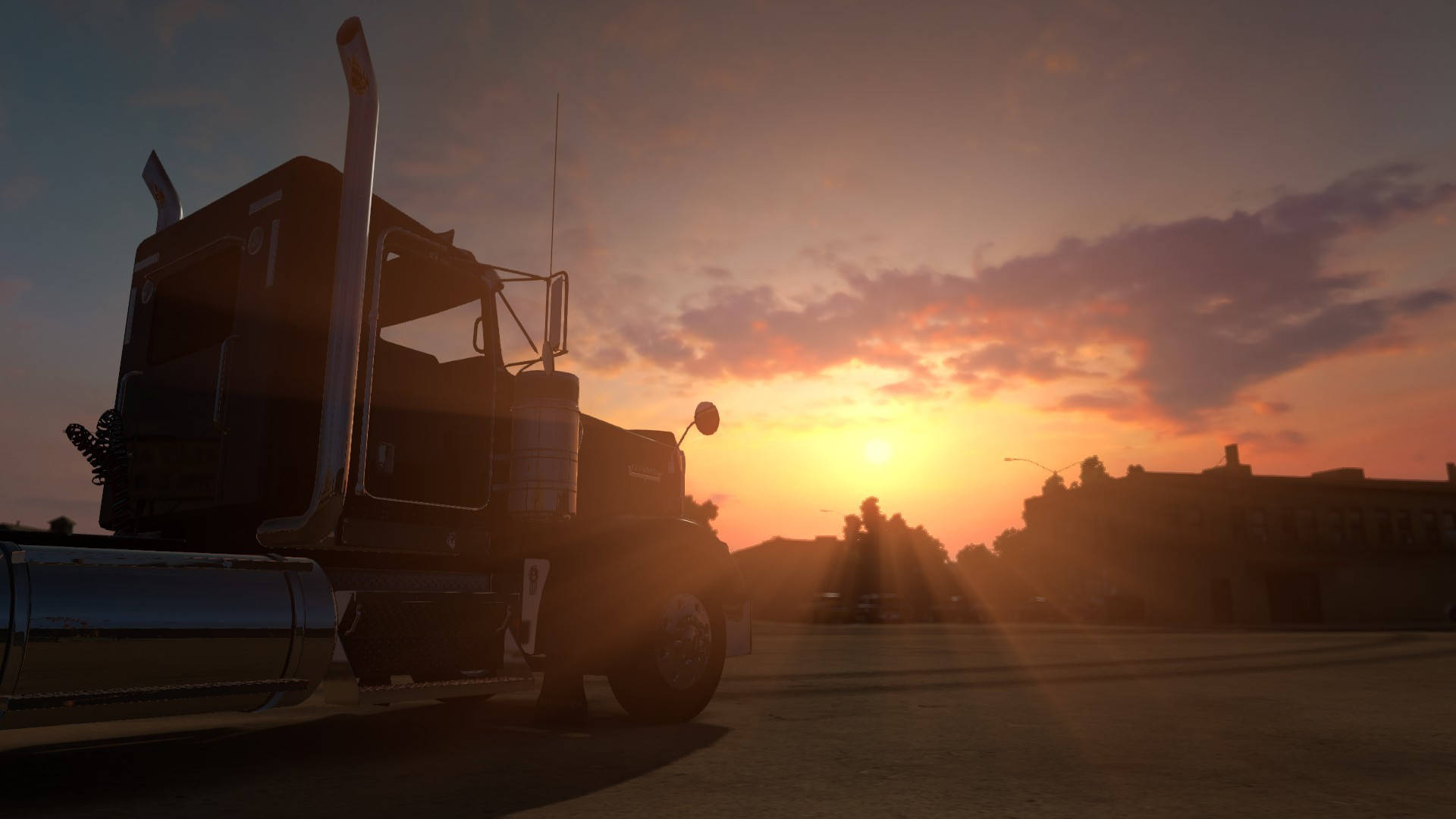 American Truck Simulator Bilder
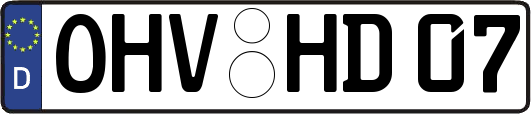 OHV-HD07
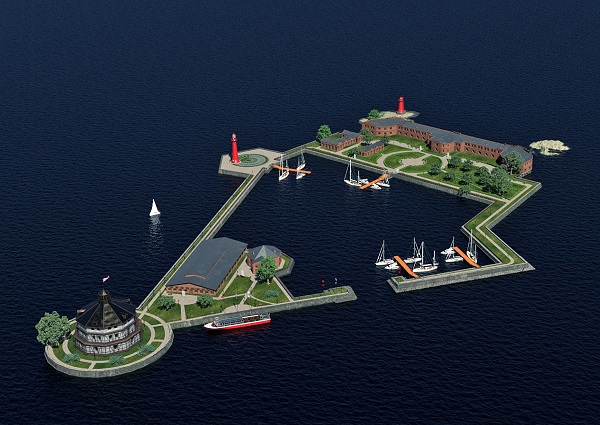 Отреставрированные форты Кронштадта откроются для посещений в 2025 году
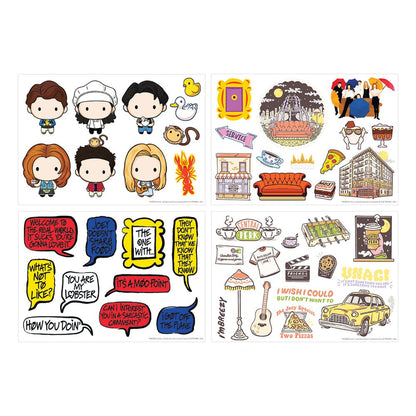 Friends Tech Sticker Pack Patches & Stickers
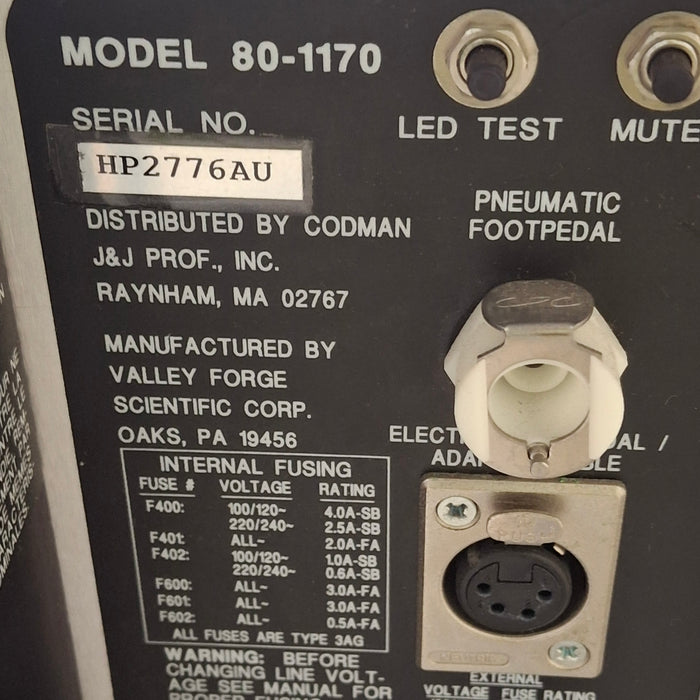 Codman Codman CMC III Malis Bipolar Electrosurgical System Electrosurgical Units reLink Medical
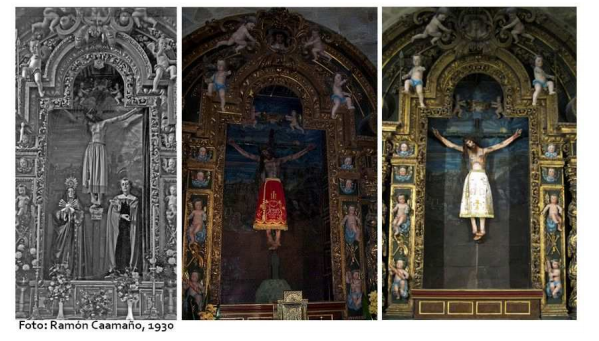 retablo cristo fisterra
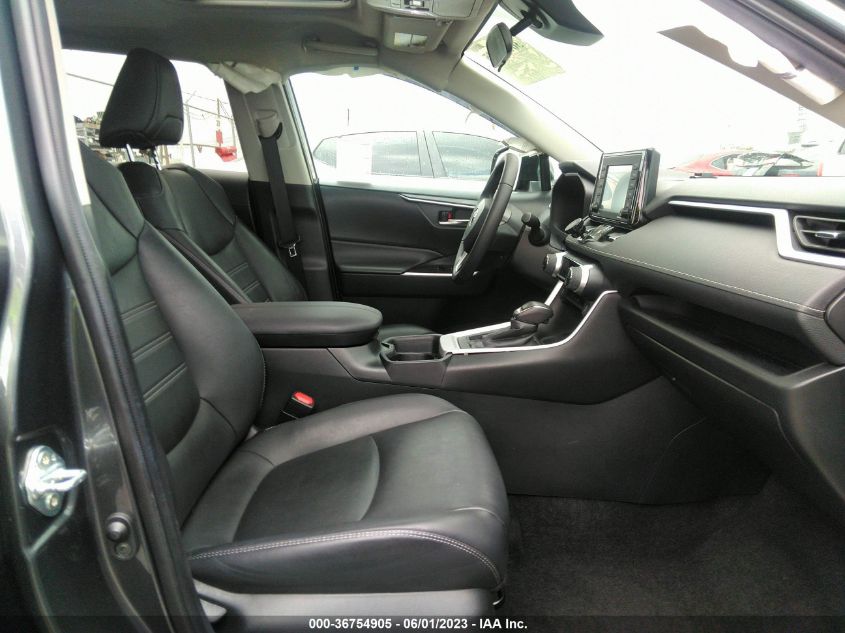 2021 TOYOTA RAV4 XLE PREMIUM - 2T3C1RFV8MC136803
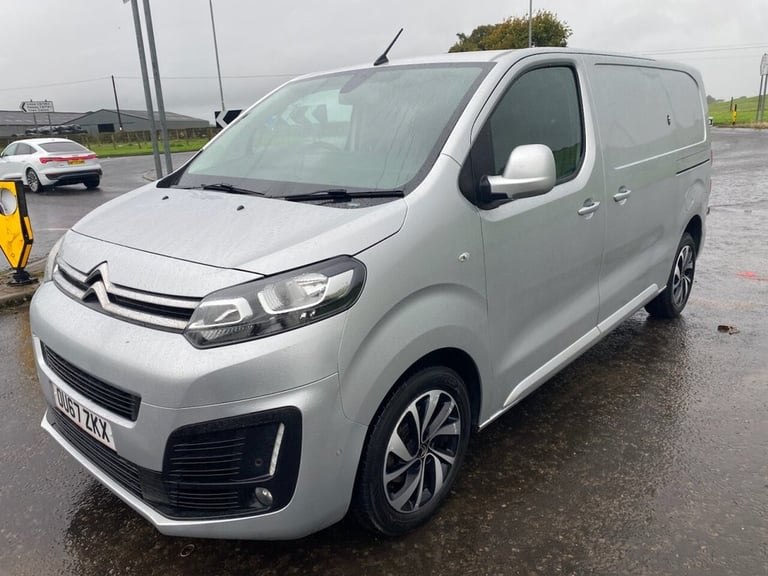 2017 67 CITROEN DISPATCH 2.0 BLUEHDI 1400 ENTERPRISE PLUS M NO VAT NAV VAN FWD 2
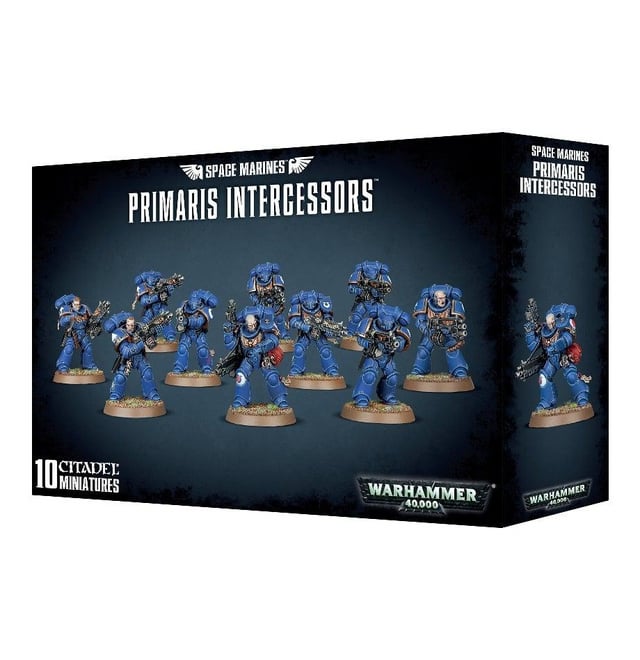 Games Workshop Warhammer 40k Space Marines - Primaris Intercessors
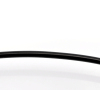 Picture of 1 Roll (Approx 10 M/Roll) Aluminum Wire Jewelry Cord Black 2mm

* Exercise aim
I need the lines from the one containing "Codman Codman CMC" through the end of the records retyped exactly, with the pictures left out.

* Answer below
 Codman Codman CMC III Malis Bipolar Electrosurgical System Electrosurgical Units reLink Medical
 retablo cristo fisterra
 2021 TOYOTA RAV4 XLE PREMIUM - 2T3C1RFV8MC136803
 2017 67 CITROEN DISPATCH 2.0 BLUEHDI 1400 ENTERPRISE PLUS M NO VAT NAV VAN FWD 2
 Games Workshop Warhammer 40k Space Marines - Primaris Intercessors
 Picture of 1 Roll (Approx 10 M/Roll) Aluminum Wire Jewelry Cord Black 2mm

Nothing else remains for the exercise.